Collected data:
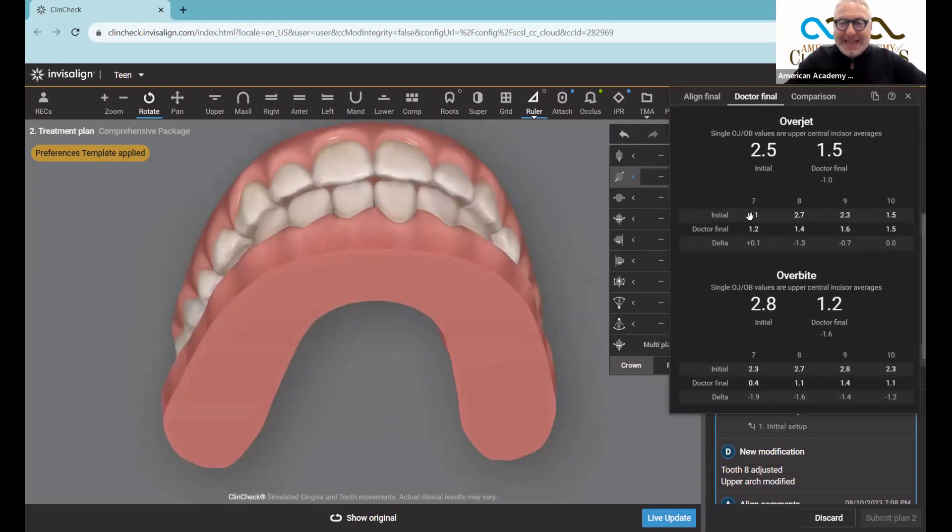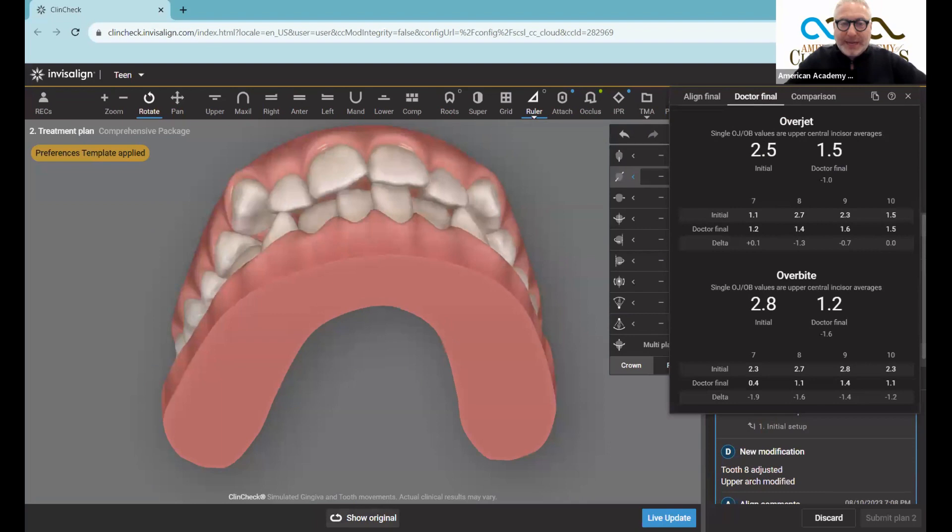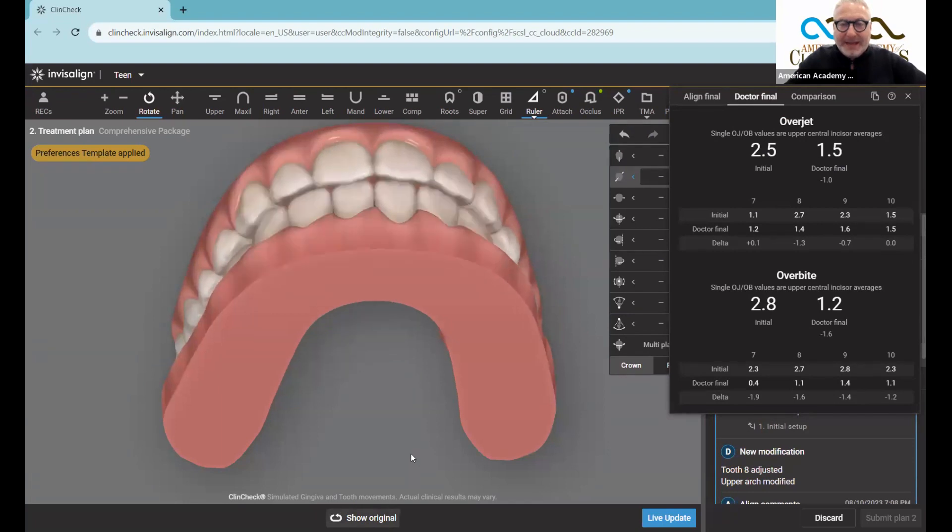What it says is that at the beginning of treatment, the initial overjet is two and a half millimeters, but then at the end of treatment, it is one and a half millimeters. So let's see what that looks like - at this point, it's two and a half, and at this point it's one and a half.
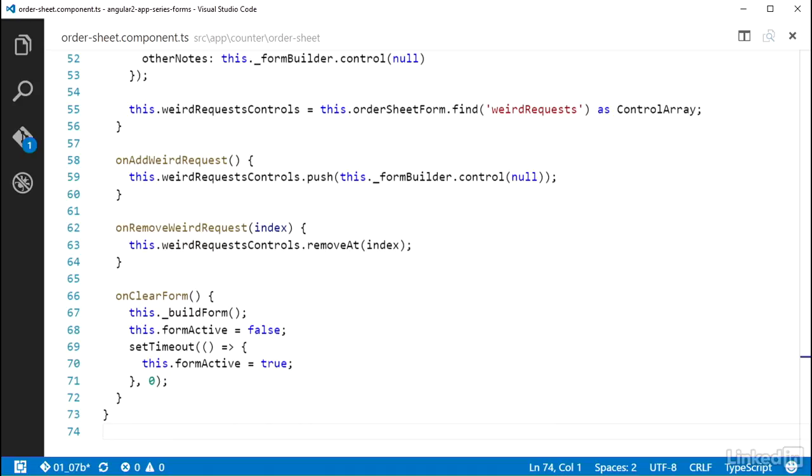Now it would be more ideal if there was a function on the control group to reset all its children to default. But Angular doesn't provide that as of yet. So you need to do some kind of workaround for the time being.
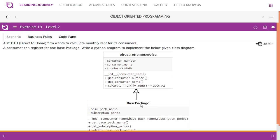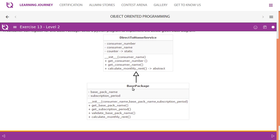Looking at this relationship, DirectToHomeService has a BasePackage — this is called a 'has-a' relationship. We need to create classes with all these members: consumer number, consumer name, and counter as a static variable. All members should be private. The constructor takes consumer name as a parameter, and we have getters for consumer name and consumer number. The calculateMonthlyRent method needs to be abstract, making this an abstract class. We cannot instantiate an abstract class.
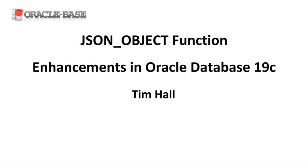As always, there are links to articles containing lots more information about this subject in the description box below.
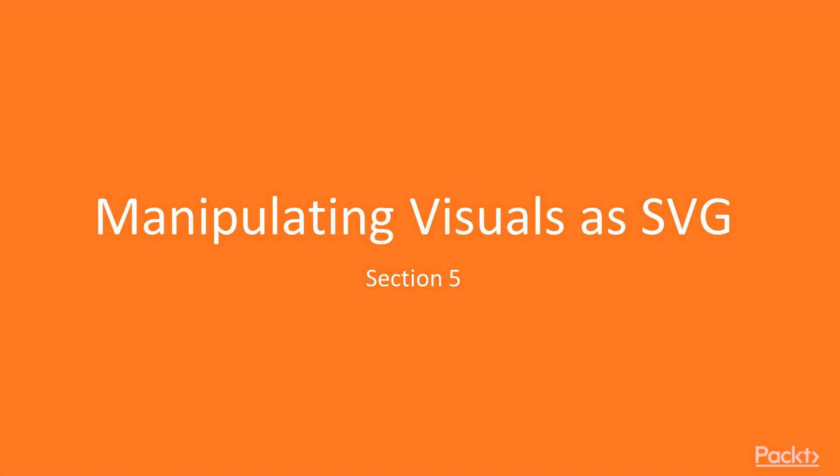Welcome to the fifth section, Manipulating visuals as SVG. In this section, we will start creating our first shapes with SVG.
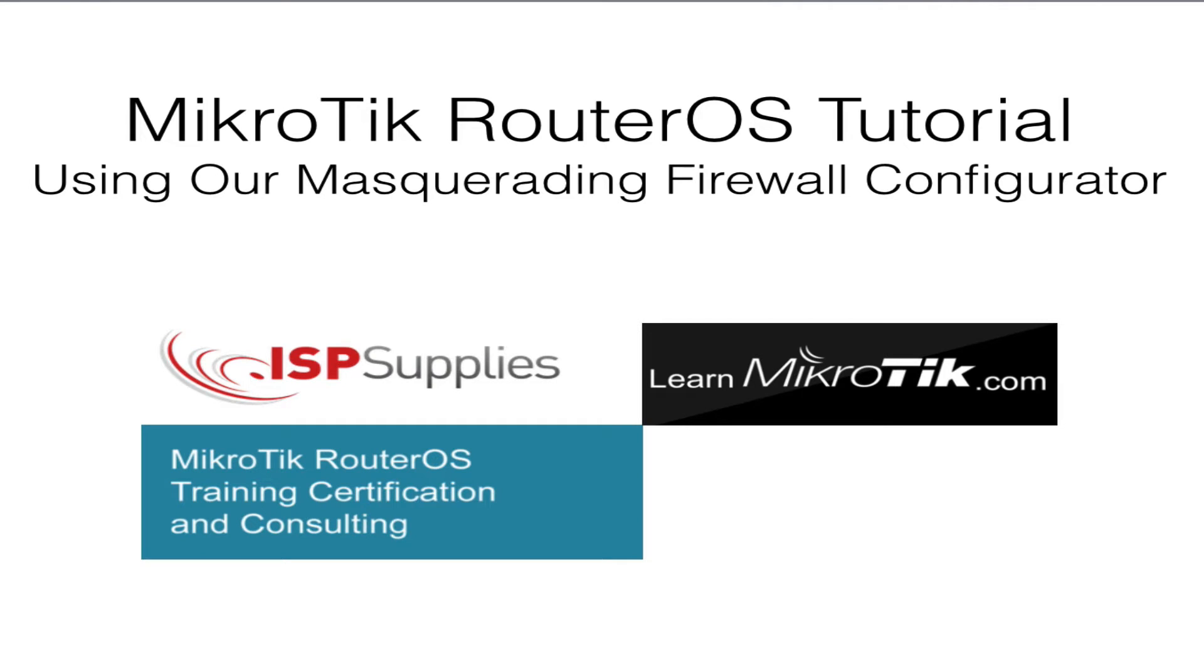Hello and welcome to my MicroTik tutorial. My name is Steve Disher and I'm a MicroTik trainer.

#### [WHAT YOU WILL DO]
In the records above, the lines from the one containing "As always, there" through the last line are to be written out exactly, both ends included and pictures omitted.

#### [FINISHED TASK]
As always, there are links to articles containing lots more information about this subject in the description box below.
Welcome to the fifth section, Manipulating visuals as SVG. In this section, we will start creating our first shapes with SVG.
Hello and welcome to my MicroTik tutorial. My name is Steve Disher and I'm a MicroTik trainer.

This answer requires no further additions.